Triplestores are Proven as Operational Graph Databases

September 30, 2015 8 mins. read Atanas Kiryakov

GraphDB Enterprise - High availabilityClaiming that RDF triplestores are typically used for offline analytics suggests unfamiliarity with their most popular use cases. Triplestores are often applied in very dynamic operational database setups such as metadata-based content management at the world’s largest media and publishers such as BBC, FT, Wiley, Elsevier, Oxford University Press and DK.

As new approaches to data management are gaining popularity, we start seeing more texts that compare the different NoSQL and particularly graph database engines. A recent example is “Graph Databases for Beginners: Other Graph Data Technologies”.

While such comparisons do a great job helping developers understand “how stuff works”, sometimes they tend to be imprecise when authors comment engines beyond their core area of expertise.

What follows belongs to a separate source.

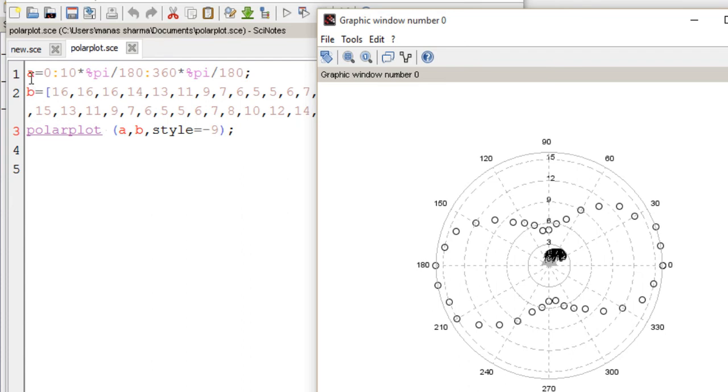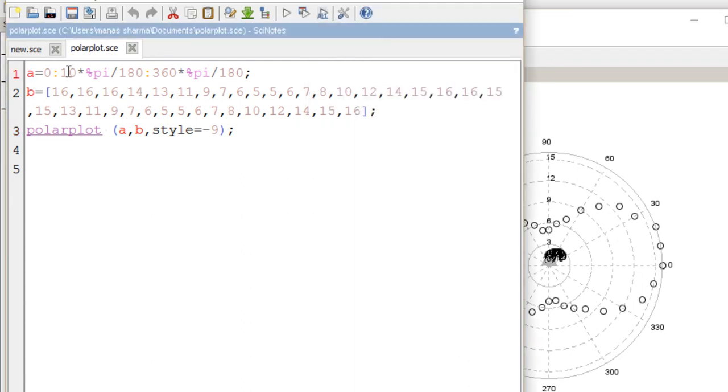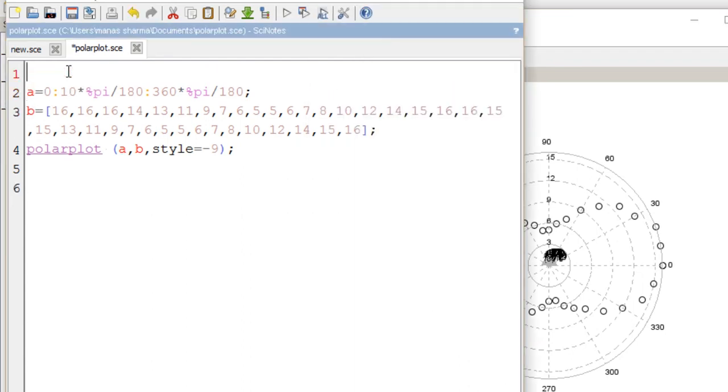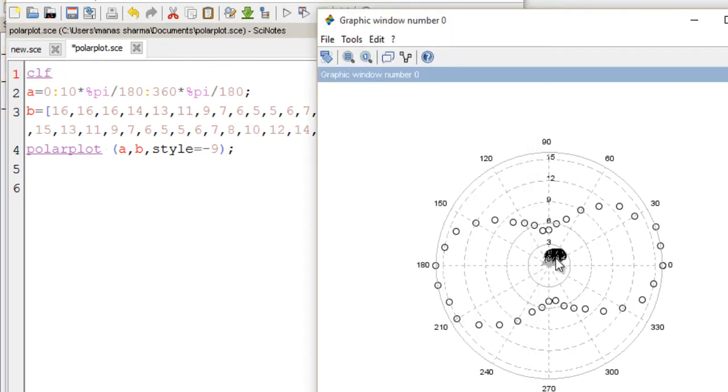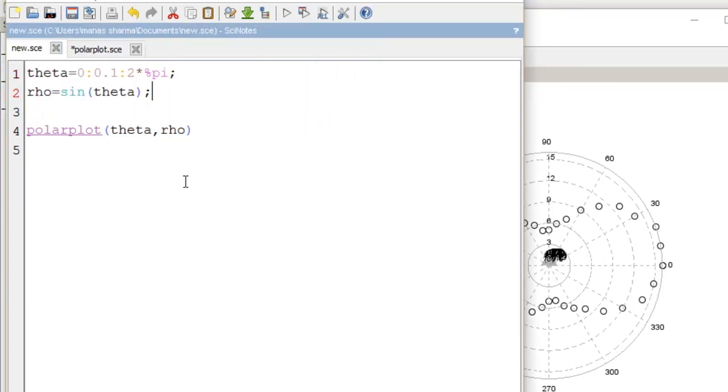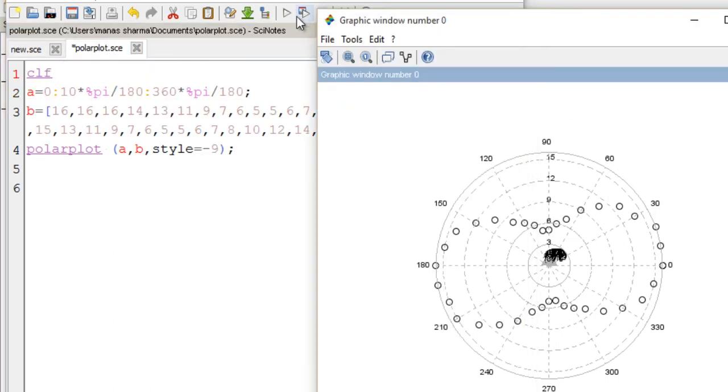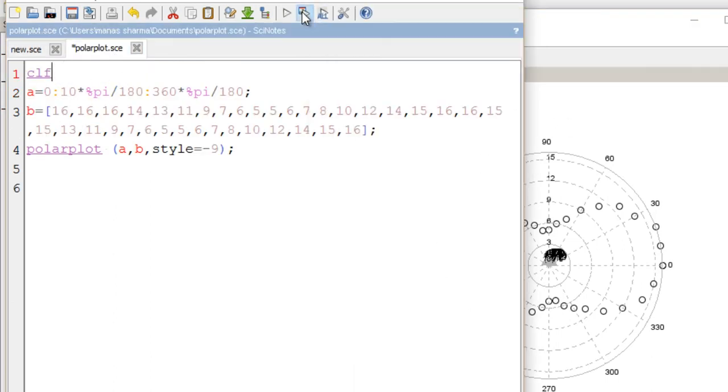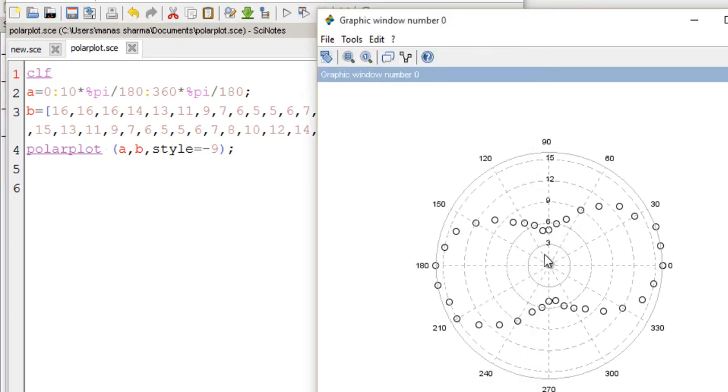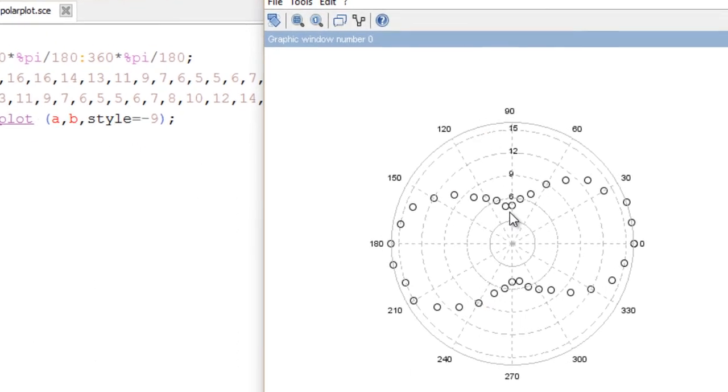Let me add a statement here called CLF, which would clear the previous plot you can see in this graph. There's a black mark here because of the previous plot of sin(theta). CLF will clear up my graphical window. Let me execute the program again. Now it's much better.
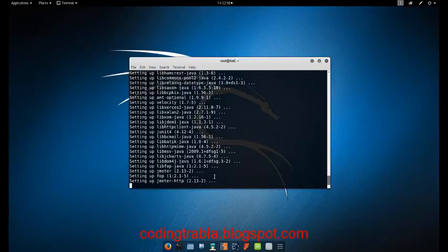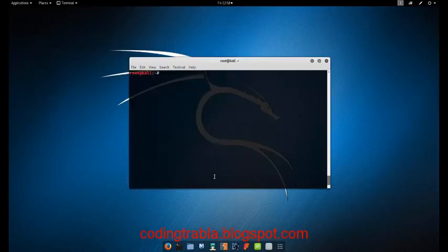Besides that, JMeter supports variable parameterization, assertions, response validation, per-thread cookies, configuration variables and a variety of reports.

The above-mentioned post makes statements about triplestores (also called semantic graph databases) like these:

However, triple stores are not “native” graph databases because they don’t support index-free adjacency, nor are their storage engines optimized for storing property graphs.

and

… the most common use case for triplestores is offline analytics rather than for online transactions.

And so my 20+ years of piled up expertise urge me to comment.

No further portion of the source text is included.